The TAC's Nokhwezi Hoboyi and Andile Madondile spoke yesterday at a press conference in Cape Town with the Aids and Rights Alliance for Southern Africa (Arasa) and Médecins Sans Frontières (MSF), ahead of another international government meeting in London today which will take stock of progress made since the G8 promised in 2005 to make antiretrovirals available to all by 2010.

"We would like Zuma to be very vocal as he was last year on World Aids Day.

"We need our government to ensure that everyone who needs treatment will get it," Hoboyi said.

The TAC hopes Zuma will live up to his promises to extend ARVs to all children and pregnant women with CD4 counts of less than 350 by April 1.

"You will see us going on to the streets if we don't get any better response from our government (by then)," she said.

Hoboyi said the G8 and G20 had flatly refused to put HIV-Aids on the agendas for discussion - despite promises to fund more ARVs for the poor.

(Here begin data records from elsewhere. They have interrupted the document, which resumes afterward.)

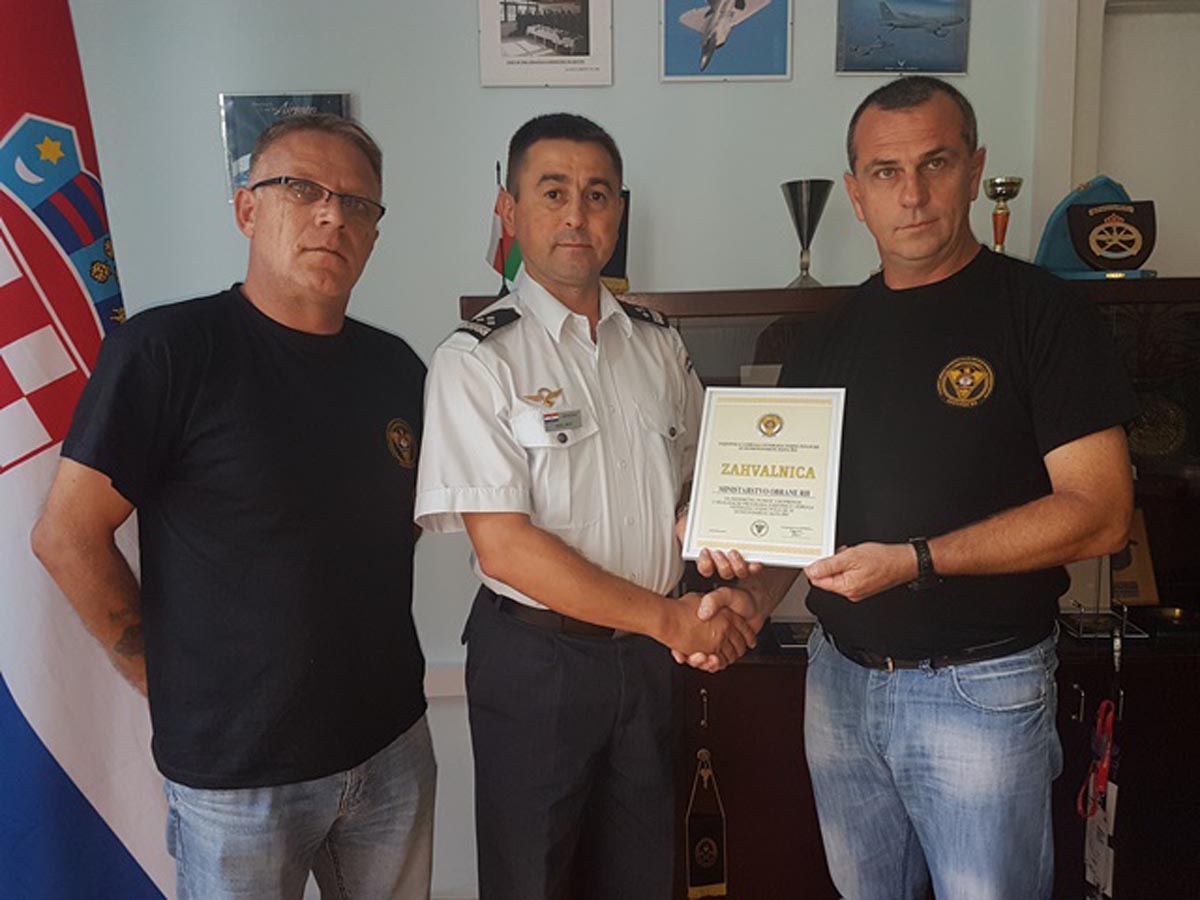 Slika https://www.morh.hr/wp-content/uploads/2018/09/zahvalnica_18092018_v-copy.jpg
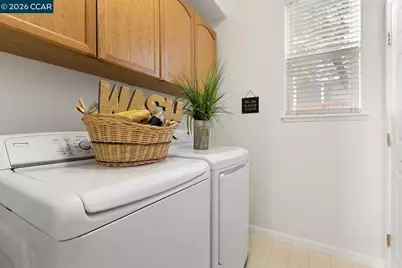 4864 Winterbrook Ave, Dublin, CA 94568 - Photo 17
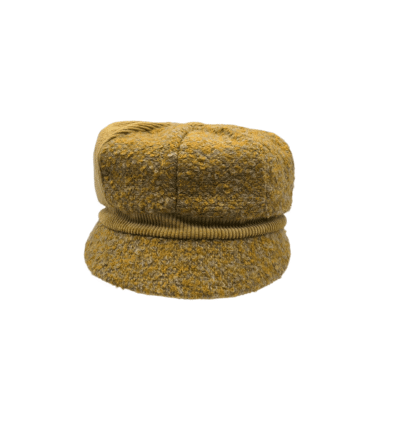 Casquette Gavroche – Image 3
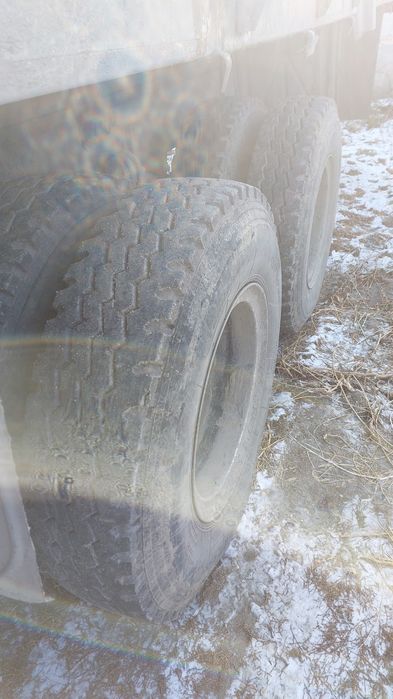 Продам манипулятор китаец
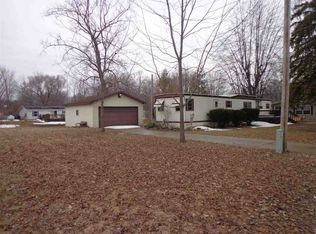 55 Ln 102 W, Angola, IN 46703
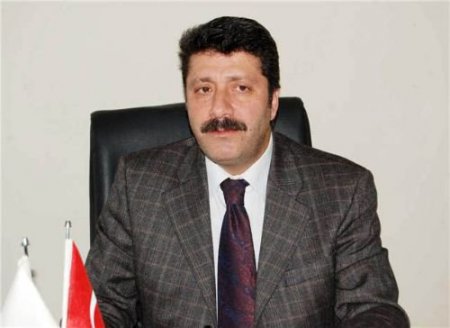 Zabıtanın At Operasyonu, Yasal İşlemle Bitti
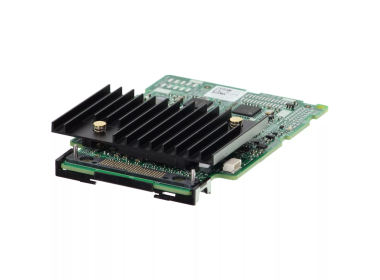 Storage controller Dell PowerEdge H330 Mini 12Gb SAS PCIe 3.0x8 FG0JC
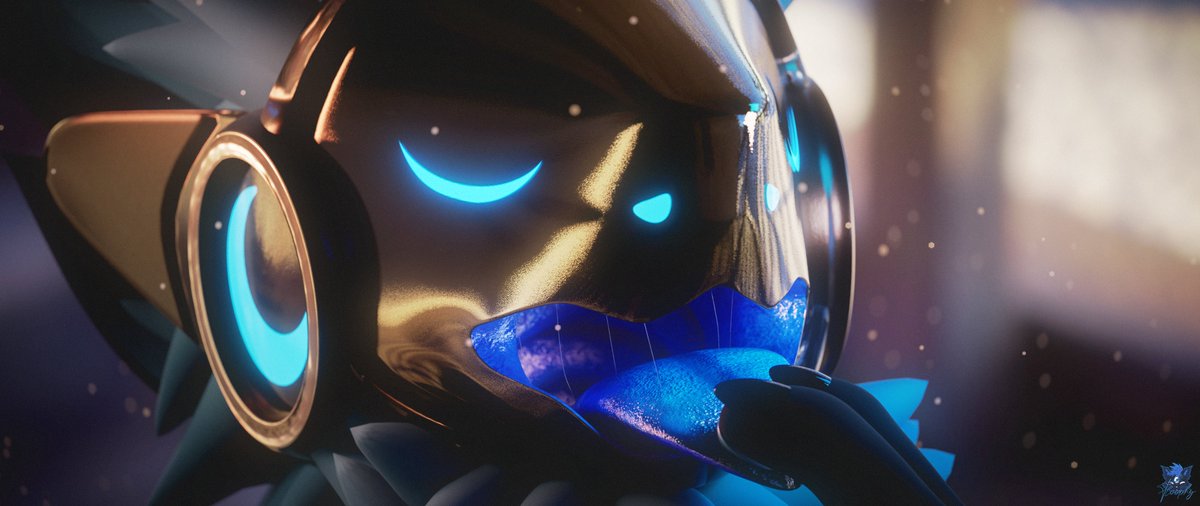 Floophy :3 tweet media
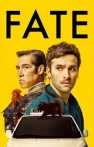 Fate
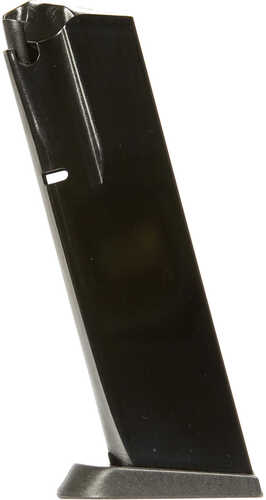 Magnum Research Baby Eagle Pistol Magazine .45 ACP 10 rd. Black Model: MAG4510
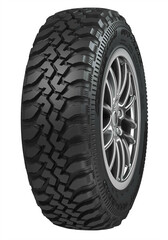 Шина Cordiant Off-Road 215/65R16 102Q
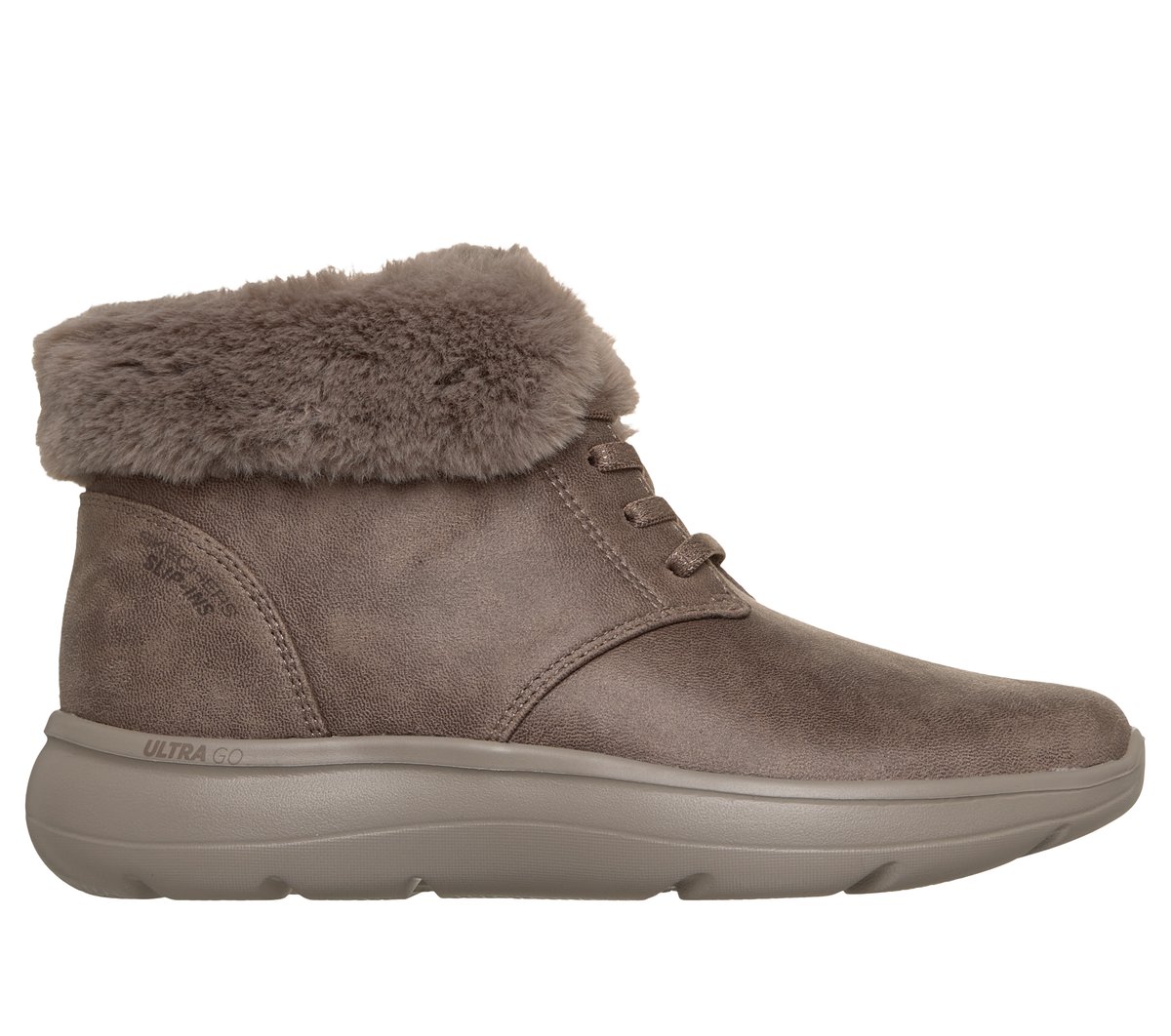 Skechers Slip-ins: On-The-GO Encore - Phoebe - thumbnail 6
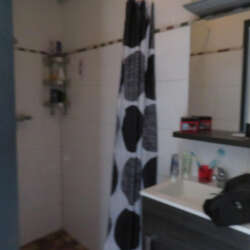 Foto #4 Huurwoning van Limburg Stirumstraat Den Helder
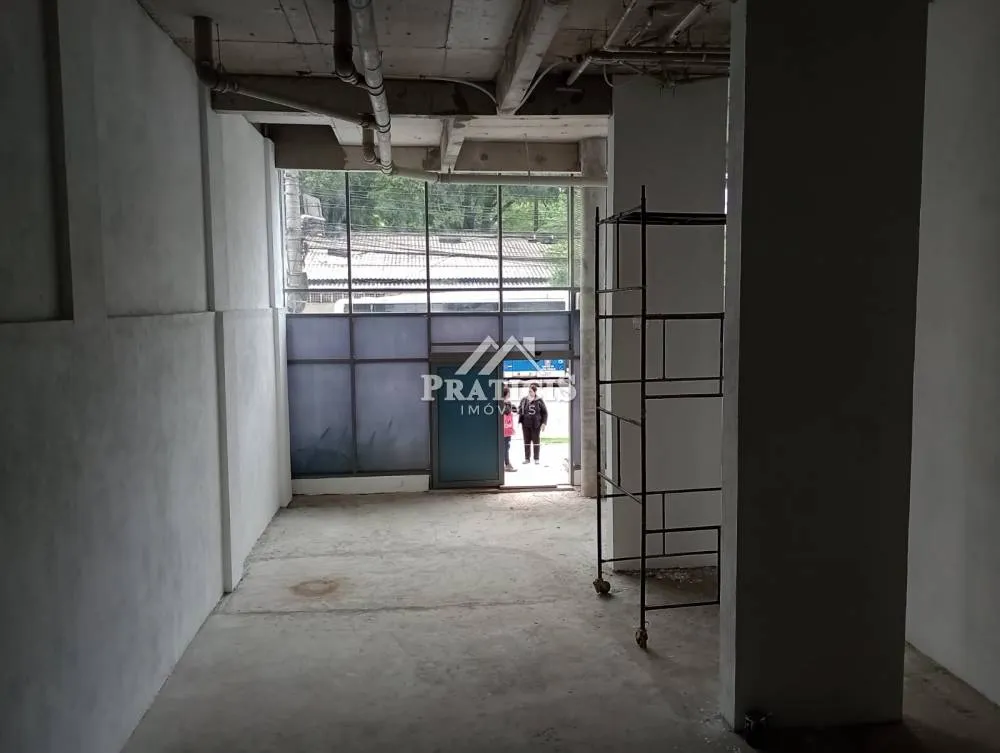 Prédio Inteiro, 168 m² - Foto 6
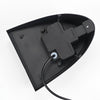 Aluminum Outdoor Wall Sconce Ha078047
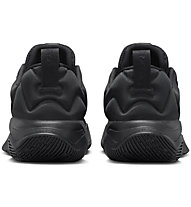Nike Giannis Immortality 3 - Basketballschuhe - Herren, Black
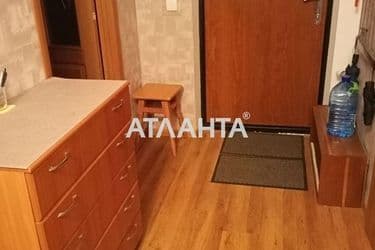 2-кімнатна квартира за адресою вул. Розумовська (площа 63 м²) - Atlanta.ua - фото 30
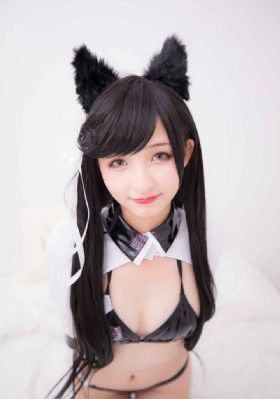国产精品jizzjizz_BD国语免费观看电视剧
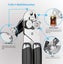 3-in-1 Can Opener Carousel 6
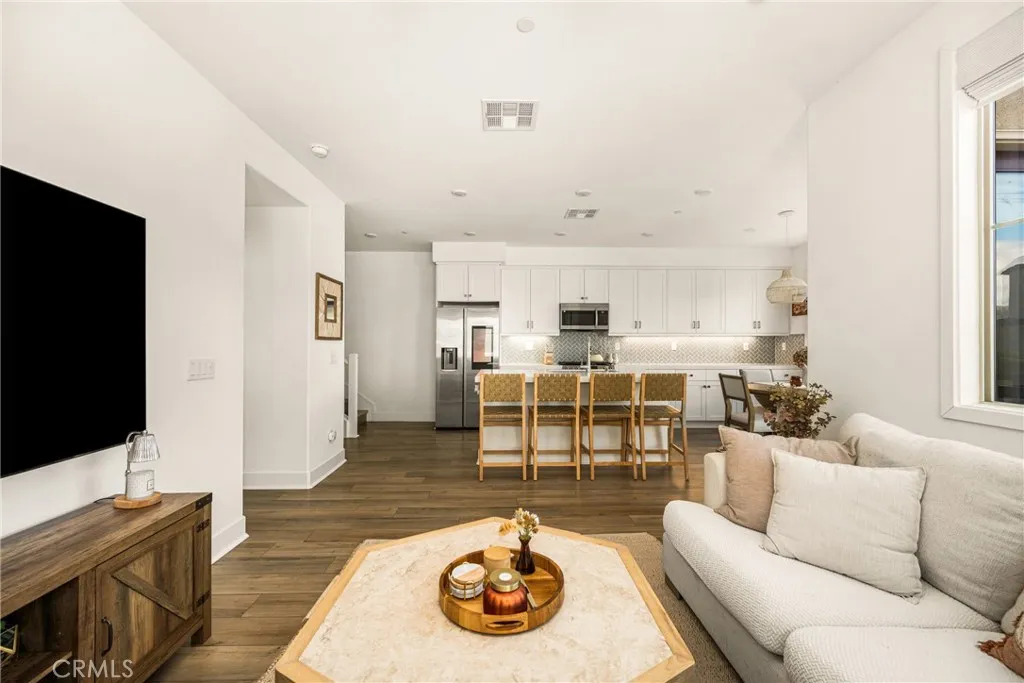 Additional image 12 of 1613 Jade Road, Rancho Mission Viejo, CA 92694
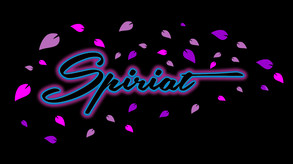 Spiriat Trailer trailer thumbnail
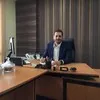 Adel Rajabzadeh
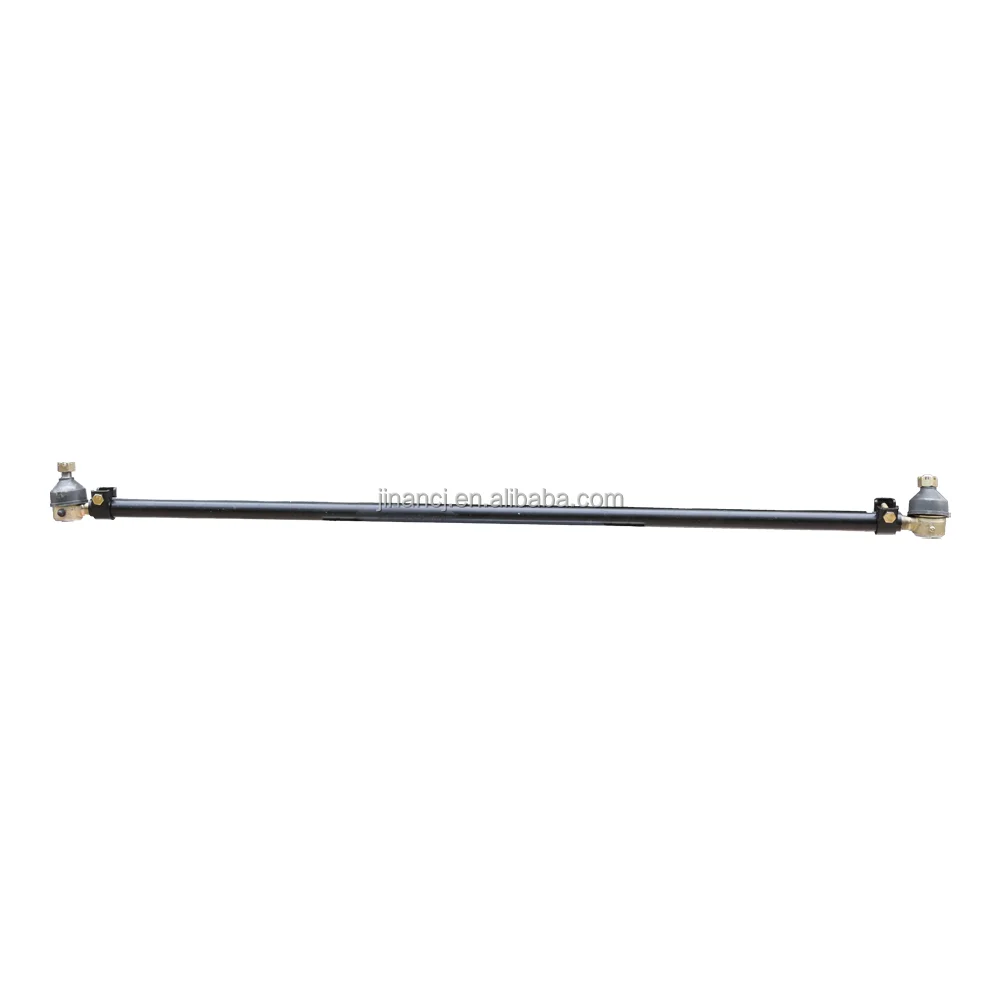 Steering Tie Rod Assembly L130000000003-30-FQ for Chinese Brand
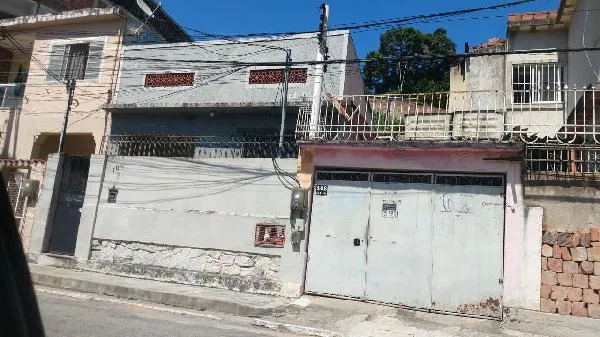Imagem do imóvel CA61535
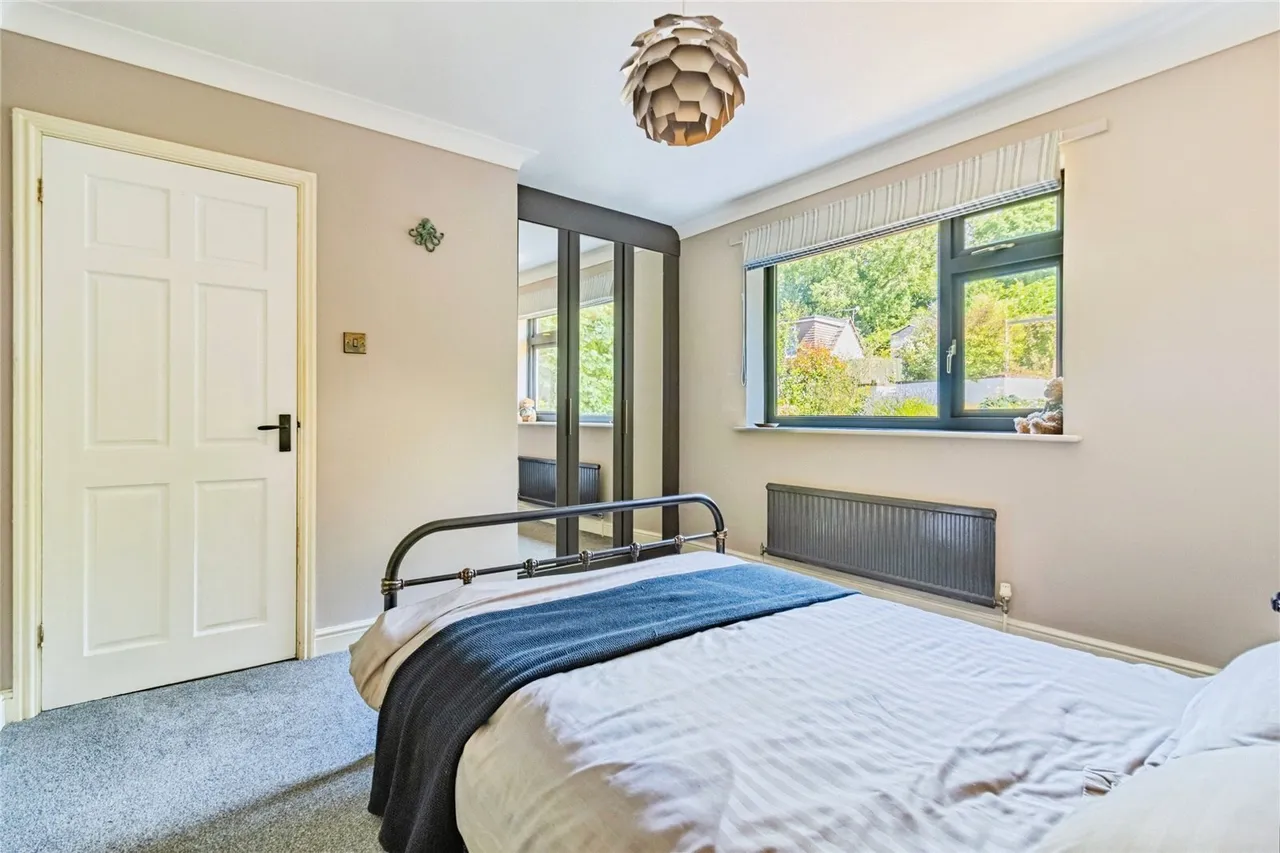 Milton Street, Brixham, TQ5, photo 21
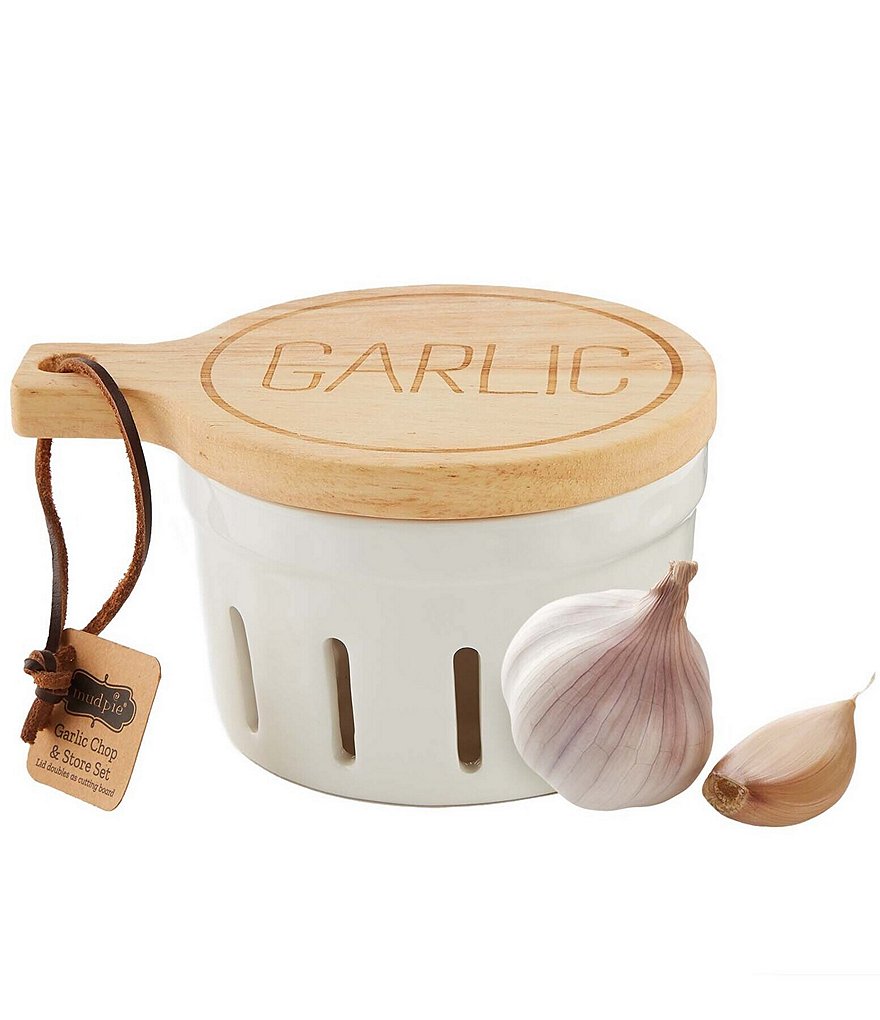 Mud Pie Measuring Cup Set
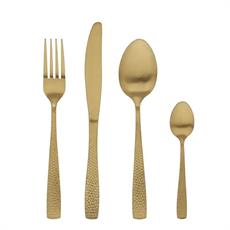 POSATE SERVIZIO 24 PZ ANTONY PAULINE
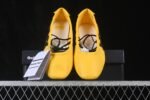 ⁦Onitsuka Tiger Gymnarina⁩ - الصورة ⁦4⁩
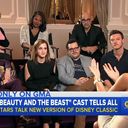 The_cast_of__Beauty_and_the_Beast__dish_on_the_upcoming_remake.mp4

As the leader of the only African country represented in the G20, it was up to Zuma to become the champion of ARVs for the poor, she said.

Gilles van Cutsem, MSF Khayelitsha HIV-TB programme coordinator, warned that 10million HIV-positive South Africans still did not have access to ARVs.

Van Cutsem said unless more funding was injected into rolling out better quality ARVs the government faced "new emergencies".

"If funding is not coming, the foundations will start crumbling. We will start dealing with new emergencies in which people who have started treatment have to stop because there are no more drugs," Van Cutsem said.

Madondile warned that if Zuma did not put pressure on Britain and the US to increase funding for ARVs, people would stop going for HIV tests.

"If we don't put more people on ARVs, it will make people reluctant to go for testing. Stigma will come again. What will be the use of campaigning for people to go to the clinic if they don't find the treatment there?"